» **REQUIRED WORK**
Nothing but the pictures should be left out when the entries below are duplicated.

Annotated photo localization data

--------------------------------------------------

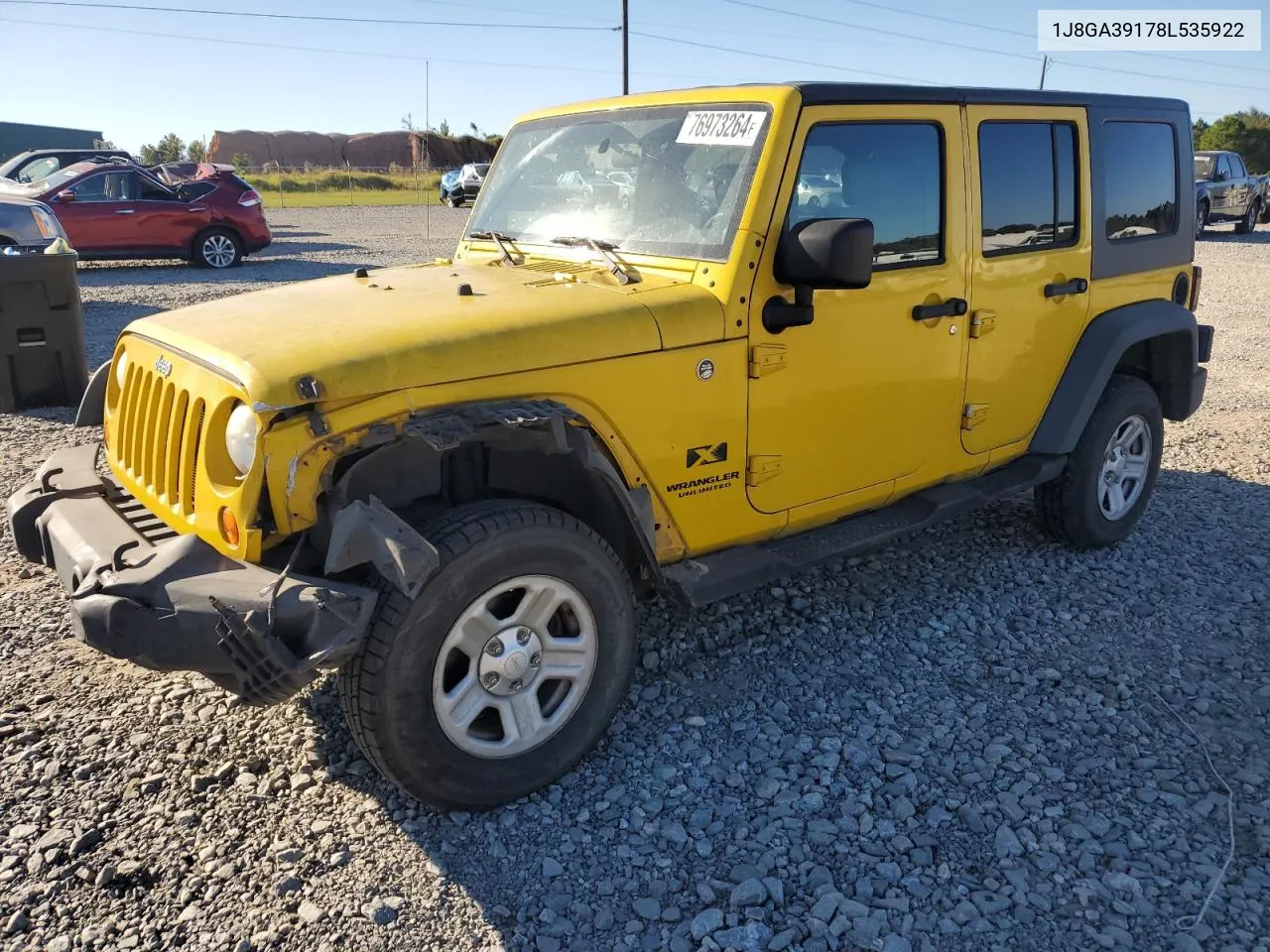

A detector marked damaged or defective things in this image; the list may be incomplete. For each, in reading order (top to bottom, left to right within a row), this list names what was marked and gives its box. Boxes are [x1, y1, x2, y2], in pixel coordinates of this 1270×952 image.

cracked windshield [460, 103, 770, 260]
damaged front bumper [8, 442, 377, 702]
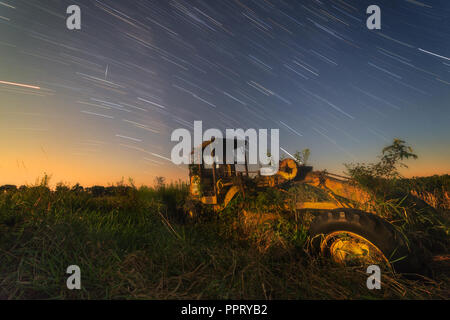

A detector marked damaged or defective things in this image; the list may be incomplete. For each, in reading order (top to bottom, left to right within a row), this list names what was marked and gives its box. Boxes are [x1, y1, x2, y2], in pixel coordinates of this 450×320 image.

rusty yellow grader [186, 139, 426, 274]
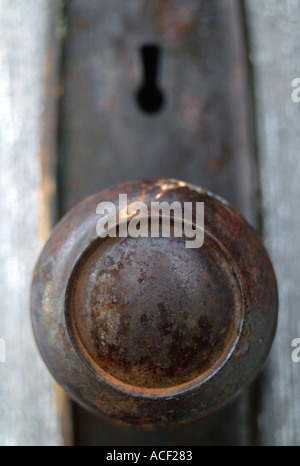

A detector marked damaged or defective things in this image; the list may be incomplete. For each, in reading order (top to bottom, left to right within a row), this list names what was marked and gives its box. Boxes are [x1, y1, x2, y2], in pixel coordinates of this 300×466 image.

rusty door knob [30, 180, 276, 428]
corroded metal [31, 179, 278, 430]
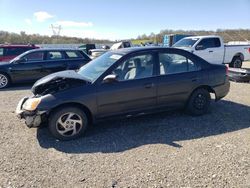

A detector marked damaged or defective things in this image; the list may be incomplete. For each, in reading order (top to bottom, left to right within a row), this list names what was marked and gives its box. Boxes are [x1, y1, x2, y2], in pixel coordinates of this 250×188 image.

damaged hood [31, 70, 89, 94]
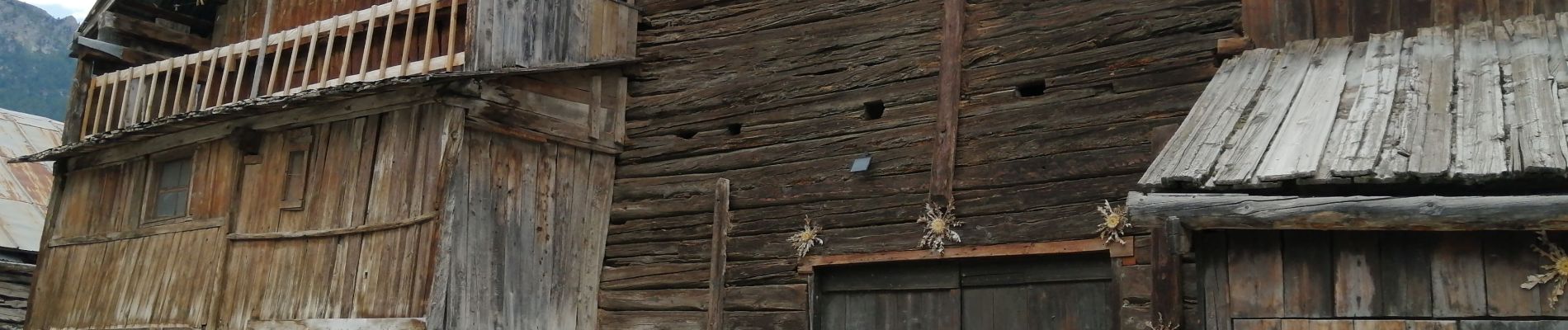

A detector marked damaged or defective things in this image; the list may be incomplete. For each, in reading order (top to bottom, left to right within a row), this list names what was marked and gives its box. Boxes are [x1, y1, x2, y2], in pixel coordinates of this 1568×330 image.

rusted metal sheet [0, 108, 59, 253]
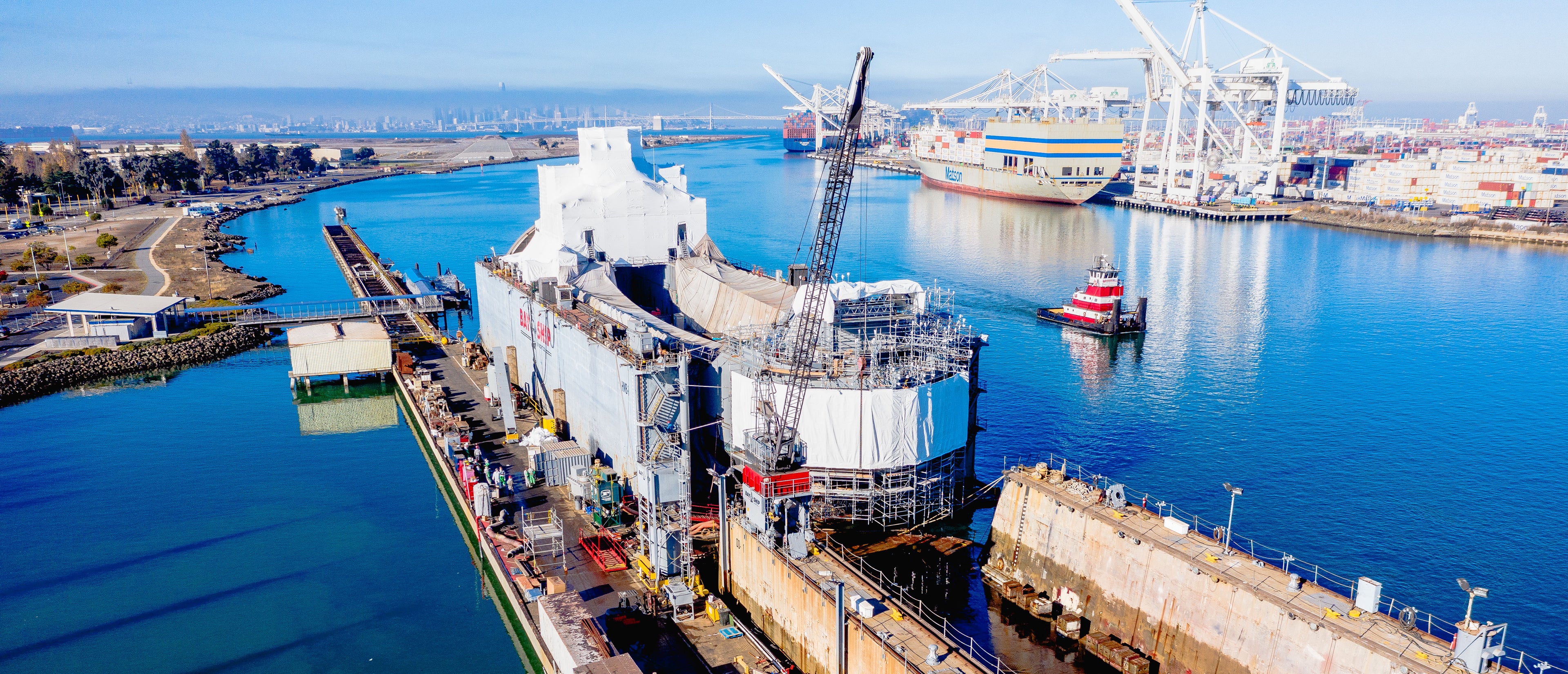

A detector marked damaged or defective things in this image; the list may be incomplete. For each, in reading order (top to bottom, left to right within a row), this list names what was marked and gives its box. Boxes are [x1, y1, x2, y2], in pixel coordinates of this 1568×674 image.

--------------------------------------------------

» **RESPONSE TO THIS EXERCISE**
A detector marked damaged or defective things in this image; the list may be incomplete. For each, in reading order (top to bottom, left to right within a row), this list names what was marked and gives its box. Boxes are [x1, y1, x2, y2], in pixel coordinates of this 1270×952 image.

cracked windshield [460, 103, 770, 260]
damaged front bumper [8, 442, 377, 702]

A detector marked damaged or defective things in this image; the list may be incomplete. For each, in reading order (top to bottom, left to right within a row), this list names what was marked and gives its box. Boxes are [x1, y1, x2, y2], in pixel coordinates of this 450×320 image.

rusty yellow grader [186, 139, 426, 274]

A detector marked damaged or defective things in this image; the list may be incomplete. For each, in reading order (top to bottom, left to right within a row), this list names what was marked and gives its box. Boxes are [x1, y1, x2, y2], in pixel coordinates of this 300×466 image.

rusty door knob [30, 180, 276, 428]
corroded metal [31, 179, 278, 430]

A detector marked damaged or defective things in this image; the list may be incomplete. For each, in reading order (top to bottom, left to right within a row), this list names what was marked and gives its box. Boxes are [x1, y1, x2, y2], in pixel coordinates of this 250×188 image.

damaged hood [31, 70, 89, 94]

A detector marked damaged or defective things in this image; the list may be incomplete. For each, in reading order (top to bottom, left to right within a row), this list names what was marked and gives its box. Boxes are [x1, y1, x2, y2], in pixel coordinates of this 1568×330 image.

rusted metal sheet [0, 108, 59, 253]

A detector marked damaged or defective things in this image; the list may be incomplete. For each, in reading order (top to bottom, left to right within a row), this list names what was marked and gives its box. Boxes are [x1, y1, x2, y2], in pixel coordinates of this 1568×674 image.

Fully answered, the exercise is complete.